## The problem
The full set of entries should be repeated without a single change.
========
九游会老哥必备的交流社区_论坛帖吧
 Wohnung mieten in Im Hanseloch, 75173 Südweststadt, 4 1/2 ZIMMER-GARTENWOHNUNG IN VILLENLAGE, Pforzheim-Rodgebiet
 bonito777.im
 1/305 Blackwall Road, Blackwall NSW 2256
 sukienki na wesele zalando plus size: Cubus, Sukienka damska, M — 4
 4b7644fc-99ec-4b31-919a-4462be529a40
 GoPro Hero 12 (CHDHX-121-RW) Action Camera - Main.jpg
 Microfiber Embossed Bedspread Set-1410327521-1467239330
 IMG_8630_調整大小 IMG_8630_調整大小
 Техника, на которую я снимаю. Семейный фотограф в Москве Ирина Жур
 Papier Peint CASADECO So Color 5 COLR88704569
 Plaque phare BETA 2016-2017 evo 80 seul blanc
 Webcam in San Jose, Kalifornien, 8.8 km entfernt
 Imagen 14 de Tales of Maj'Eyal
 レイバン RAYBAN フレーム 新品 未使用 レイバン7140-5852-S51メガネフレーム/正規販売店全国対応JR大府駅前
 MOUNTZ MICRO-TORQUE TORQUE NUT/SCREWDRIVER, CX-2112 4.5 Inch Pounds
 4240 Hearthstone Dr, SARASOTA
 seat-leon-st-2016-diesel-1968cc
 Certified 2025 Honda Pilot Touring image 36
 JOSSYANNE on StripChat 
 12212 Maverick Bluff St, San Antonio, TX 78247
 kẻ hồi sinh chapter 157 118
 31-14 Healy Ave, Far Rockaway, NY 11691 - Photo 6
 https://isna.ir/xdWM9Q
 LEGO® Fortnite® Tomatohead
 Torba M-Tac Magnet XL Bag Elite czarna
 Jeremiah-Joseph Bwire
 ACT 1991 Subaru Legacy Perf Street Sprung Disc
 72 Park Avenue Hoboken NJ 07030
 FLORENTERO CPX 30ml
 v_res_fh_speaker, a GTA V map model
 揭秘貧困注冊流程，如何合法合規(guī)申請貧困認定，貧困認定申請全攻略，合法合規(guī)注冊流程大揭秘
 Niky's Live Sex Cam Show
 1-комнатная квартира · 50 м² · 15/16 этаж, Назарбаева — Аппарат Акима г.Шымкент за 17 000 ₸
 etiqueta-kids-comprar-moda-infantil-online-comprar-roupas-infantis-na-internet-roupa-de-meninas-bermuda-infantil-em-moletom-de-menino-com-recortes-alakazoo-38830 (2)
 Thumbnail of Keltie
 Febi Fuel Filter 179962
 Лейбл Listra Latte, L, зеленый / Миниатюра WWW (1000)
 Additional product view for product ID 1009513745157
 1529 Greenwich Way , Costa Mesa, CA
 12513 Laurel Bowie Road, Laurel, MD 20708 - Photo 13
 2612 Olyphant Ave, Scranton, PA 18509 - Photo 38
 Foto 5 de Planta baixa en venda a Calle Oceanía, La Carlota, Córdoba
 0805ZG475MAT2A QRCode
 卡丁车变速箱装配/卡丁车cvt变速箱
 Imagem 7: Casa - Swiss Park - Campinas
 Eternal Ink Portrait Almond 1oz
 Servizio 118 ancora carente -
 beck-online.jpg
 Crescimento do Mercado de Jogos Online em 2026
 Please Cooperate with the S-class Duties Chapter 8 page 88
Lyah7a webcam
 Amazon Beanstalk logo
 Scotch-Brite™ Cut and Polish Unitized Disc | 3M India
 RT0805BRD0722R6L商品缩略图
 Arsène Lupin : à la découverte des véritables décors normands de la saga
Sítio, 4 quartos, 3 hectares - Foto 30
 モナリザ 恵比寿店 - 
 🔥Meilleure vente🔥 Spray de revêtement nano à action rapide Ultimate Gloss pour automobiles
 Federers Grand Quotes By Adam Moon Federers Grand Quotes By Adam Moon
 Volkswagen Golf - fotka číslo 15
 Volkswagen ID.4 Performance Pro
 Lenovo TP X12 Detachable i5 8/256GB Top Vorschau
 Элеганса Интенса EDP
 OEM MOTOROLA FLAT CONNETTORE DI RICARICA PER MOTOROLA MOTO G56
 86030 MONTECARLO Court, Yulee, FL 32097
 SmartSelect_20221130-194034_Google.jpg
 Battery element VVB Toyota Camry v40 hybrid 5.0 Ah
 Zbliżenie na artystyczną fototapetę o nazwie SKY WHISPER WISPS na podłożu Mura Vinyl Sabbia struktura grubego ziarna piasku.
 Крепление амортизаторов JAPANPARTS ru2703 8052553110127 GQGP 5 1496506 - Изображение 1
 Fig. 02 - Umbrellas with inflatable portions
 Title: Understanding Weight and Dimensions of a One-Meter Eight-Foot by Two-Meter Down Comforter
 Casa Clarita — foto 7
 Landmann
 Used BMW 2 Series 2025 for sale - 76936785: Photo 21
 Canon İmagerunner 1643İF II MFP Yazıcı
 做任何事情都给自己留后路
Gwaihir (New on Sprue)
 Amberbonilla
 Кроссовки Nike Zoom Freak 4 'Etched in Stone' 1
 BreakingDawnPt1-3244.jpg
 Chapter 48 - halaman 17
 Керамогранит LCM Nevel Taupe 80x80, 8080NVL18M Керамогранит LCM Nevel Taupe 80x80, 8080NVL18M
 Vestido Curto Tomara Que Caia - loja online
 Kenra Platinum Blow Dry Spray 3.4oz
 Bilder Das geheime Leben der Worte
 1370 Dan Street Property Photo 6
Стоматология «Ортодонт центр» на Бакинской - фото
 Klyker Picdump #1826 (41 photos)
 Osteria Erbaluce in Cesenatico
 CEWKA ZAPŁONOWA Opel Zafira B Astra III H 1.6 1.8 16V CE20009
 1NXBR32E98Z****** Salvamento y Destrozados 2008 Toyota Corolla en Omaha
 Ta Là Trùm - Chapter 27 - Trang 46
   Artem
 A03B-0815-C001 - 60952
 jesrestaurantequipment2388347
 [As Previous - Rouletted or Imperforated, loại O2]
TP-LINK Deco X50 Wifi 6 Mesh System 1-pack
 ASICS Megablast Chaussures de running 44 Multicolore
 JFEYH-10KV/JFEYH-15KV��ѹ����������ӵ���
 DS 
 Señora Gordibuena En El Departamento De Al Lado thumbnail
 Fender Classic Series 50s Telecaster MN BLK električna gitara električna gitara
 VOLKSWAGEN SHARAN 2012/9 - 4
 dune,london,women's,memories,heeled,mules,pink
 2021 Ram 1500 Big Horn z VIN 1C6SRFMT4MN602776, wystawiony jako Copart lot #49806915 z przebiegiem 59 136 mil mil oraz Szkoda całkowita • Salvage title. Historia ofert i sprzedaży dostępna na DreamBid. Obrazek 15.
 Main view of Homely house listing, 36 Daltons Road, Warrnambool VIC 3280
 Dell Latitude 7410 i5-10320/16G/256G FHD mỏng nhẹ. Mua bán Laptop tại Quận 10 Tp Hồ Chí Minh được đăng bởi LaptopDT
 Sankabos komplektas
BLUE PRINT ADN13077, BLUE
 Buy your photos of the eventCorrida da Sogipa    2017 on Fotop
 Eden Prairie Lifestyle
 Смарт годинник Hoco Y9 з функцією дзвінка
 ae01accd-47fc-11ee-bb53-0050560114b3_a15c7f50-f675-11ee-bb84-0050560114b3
========
## Response
九游会老哥必备的交流社区_论坛帖吧
 Wohnung mieten in Im Hanseloch, 75173 Südweststadt, 4 1/2 ZIMMER-GARTENWOHNUNG IN VILLENLAGE, Pforzheim-Rodgebiet
 bonito777.im
 1/305 Blackwall Road, Blackwall NSW 2256
 sukienki na wesele zalando plus size: Cubus, Sukienka damska, M — 4
 4b7644fc-99ec-4b31-919a-4462be529a40
 GoPro Hero 12 (CHDHX-121-RW) Action Camera - Main.jpg
 Microfiber Embossed Bedspread Set-1410327521-1467239330
 IMG_8630_調整大小 IMG_8630_調整大小
 Техника, на которую я снимаю. Семейный фотограф в Москве Ирина Жур
 Papier Peint CASADECO So Color 5 COLR88704569
 Plaque phare BETA 2016-2017 evo 80 seul blanc
 Webcam in San Jose, Kalifornien, 8.8 km entfernt
 Imagen 14 de Tales of Maj'Eyal
 レイバン RAYBAN フレーム 新品 未使用 レイバン7140-5852-S51メガネフレーム/正規販売店全国対応JR大府駅前
 MOUNTZ MICRO-TORQUE TORQUE NUT/SCREWDRIVER, CX-2112 4.5 Inch Pounds
 4240 Hearthstone Dr, SARASOTA
 seat-leon-st-2016-diesel-1968cc
 Certified 2025 Honda Pilot Touring image 36
 JOSSYANNE on StripChat 
 12212 Maverick Bluff St, San Antonio, TX 78247
 kẻ hồi sinh chapter 157 118
 31-14 Healy Ave, Far Rockaway, NY 11691 - Photo 6
 https://isna.ir/xdWM9Q
 LEGO® Fortnite® Tomatohead
 Torba M-Tac Magnet XL Bag Elite czarna
 Jeremiah-Joseph Bwire
 ACT 1991 Subaru Legacy Perf Street Sprung Disc
 72 Park Avenue Hoboken NJ 07030
 FLORENTERO CPX 30ml
 v_res_fh_speaker, a GTA V map model
 揭秘貧困注冊流程，如何合法合規(guī)申請貧困認定，貧困認定申請全攻略，合法合規(guī)注冊流程大揭秘
 Niky's Live Sex Cam Show
 1-комнатная квартира · 50 м² · 15/16 этаж, Назарбаева — Аппарат Акима г.Шымкент за 17 000 ₸
 etiqueta-kids-comprar-moda-infantil-online-comprar-roupas-infantis-na-internet-roupa-de-meninas-bermuda-infantil-em-moletom-de-menino-com-recortes-alakazoo-38830 (2)
 Thumbnail of Keltie
 Febi Fuel Filter 179962
 Лейбл Listra Latte, L, зеленый / Миниатюра WWW (1000)
 Additional product view for product ID 1009513745157
 1529 Greenwich Way , Costa Mesa, CA
 12513 Laurel Bowie Road, Laurel, MD 20708 - Photo 13
 2612 Olyphant Ave, Scranton, PA 18509 - Photo 38
 Foto 5 de Planta baixa en venda a Calle Oceanía, La Carlota, Córdoba
 0805ZG475MAT2A QRCode
 卡丁车变速箱装配/卡丁车cvt变速箱
 Imagem 7: Casa - Swiss Park - Campinas
 Eternal Ink Portrait Almond 1oz
 Servizio 118 ancora carente -
 beck-online.jpg
 Crescimento do Mercado de Jogos Online em 2026
 Please Cooperate with the S-class Duties Chapter 8 page 88
Lyah7a webcam
 Amazon Beanstalk logo
 Scotch-Brite™ Cut and Polish Unitized Disc | 3M India
 RT0805BRD0722R6L商品缩略图
 Arsène Lupin : à la découverte des véritables décors normands de la saga
Sítio, 4 quartos, 3 hectares - Foto 30
 モナリザ 恵比寿店 - 
 🔥Meilleure vente🔥 Spray de revêtement nano à action rapide Ultimate Gloss pour automobiles
 Federers Grand Quotes By Adam Moon Federers Grand Quotes By Adam Moon
 Volkswagen Golf - fotka číslo 15
 Volkswagen ID.4 Performance Pro
 Lenovo TP X12 Detachable i5 8/256GB Top Vorschau
 Элеганса Интенса EDP
 OEM MOTOROLA FLAT CONNETTORE DI RICARICA PER MOTOROLA MOTO G56
 86030 MONTECARLO Court, Yulee, FL 32097
 SmartSelect_20221130-194034_Google.jpg
 Battery element VVB Toyota Camry v40 hybrid 5.0 Ah
 Zbliżenie na artystyczną fototapetę o nazwie SKY WHISPER WISPS na podłożu Mura Vinyl Sabbia struktura grubego ziarna piasku.
 Крепление амортизаторов JAPANPARTS ru2703 8052553110127 GQGP 5 1496506 - Изображение 1
 Fig. 02 - Umbrellas with inflatable portions
 Title: Understanding Weight and Dimensions of a One-Meter Eight-Foot by Two-Meter Down Comforter
 Casa Clarita — foto 7
 Landmann
 Used BMW 2 Series 2025 for sale - 76936785: Photo 21
 Canon İmagerunner 1643İF II MFP Yazıcı
 做任何事情都给自己留后路
Gwaihir (New on Sprue)
 Amberbonilla
 Кроссовки Nike Zoom Freak 4 'Etched in Stone' 1
 BreakingDawnPt1-3244.jpg
 Chapter 48 - halaman 17
 Керамогранит LCM Nevel Taupe 80x80, 8080NVL18M Керамогранит LCM Nevel Taupe 80x80, 8080NVL18M
 Vestido Curto Tomara Que Caia - loja online
 Kenra Platinum Blow Dry Spray 3.4oz
 Bilder Das geheime Leben der Worte
 1370 Dan Street Property Photo 6
Стоматология «Ортодонт центр» на Бакинской - фото
 Klyker Picdump #1826 (41 photos)
 Osteria Erbaluce in Cesenatico
 CEWKA ZAPŁONOWA Opel Zafira B Astra III H 1.6 1.8 16V CE20009
 1NXBR32E98Z****** Salvamento y Destrozados 2008 Toyota Corolla en Omaha
 Ta Là Trùm - Chapter 27 - Trang 46
   Artem
 A03B-0815-C001 - 60952
 jesrestaurantequipment2388347
 [As Previous - Rouletted or Imperforated, loại O2]
TP-LINK Deco X50 Wifi 6 Mesh System 1-pack
 ASICS Megablast Chaussures de running 44 Multicolore
 JFEYH-10KV/JFEYH-15KV��ѹ����������ӵ���
 DS 
 Señora Gordibuena En El Departamento De Al Lado thumbnail
 Fender Classic Series 50s Telecaster MN BLK električna gitara električna gitara
 VOLKSWAGEN SHARAN 2012/9 - 4
 dune,london,women's,memories,heeled,mules,pink
 2021 Ram 1500 Big Horn z VIN 1C6SRFMT4MN602776, wystawiony jako Copart lot #49806915 z przebiegiem 59 136 mil mil oraz Szkoda całkowita • Salvage title. Historia ofert i sprzedaży dostępna na DreamBid. Obrazek 15.
 Main view of Homely house listing, 36 Daltons Road, Warrnambool VIC 3280
 Dell Latitude 7410 i5-10320/16G/256G FHD mỏng nhẹ. Mua bán Laptop tại Quận 10 Tp Hồ Chí Minh được đăng bởi LaptopDT
 Sankabos komplektas
BLUE PRINT ADN13077, BLUE
 Buy your photos of the eventCorrida da Sogipa    2017 on Fotop
 Eden Prairie Lifestyle
 Смарт годинник Hoco Y9 з функцією дзвінка
 ae01accd-47fc-11ee-bb53-0050560114b3_a15c7f50-f675-11ee-bb84-0050560114b3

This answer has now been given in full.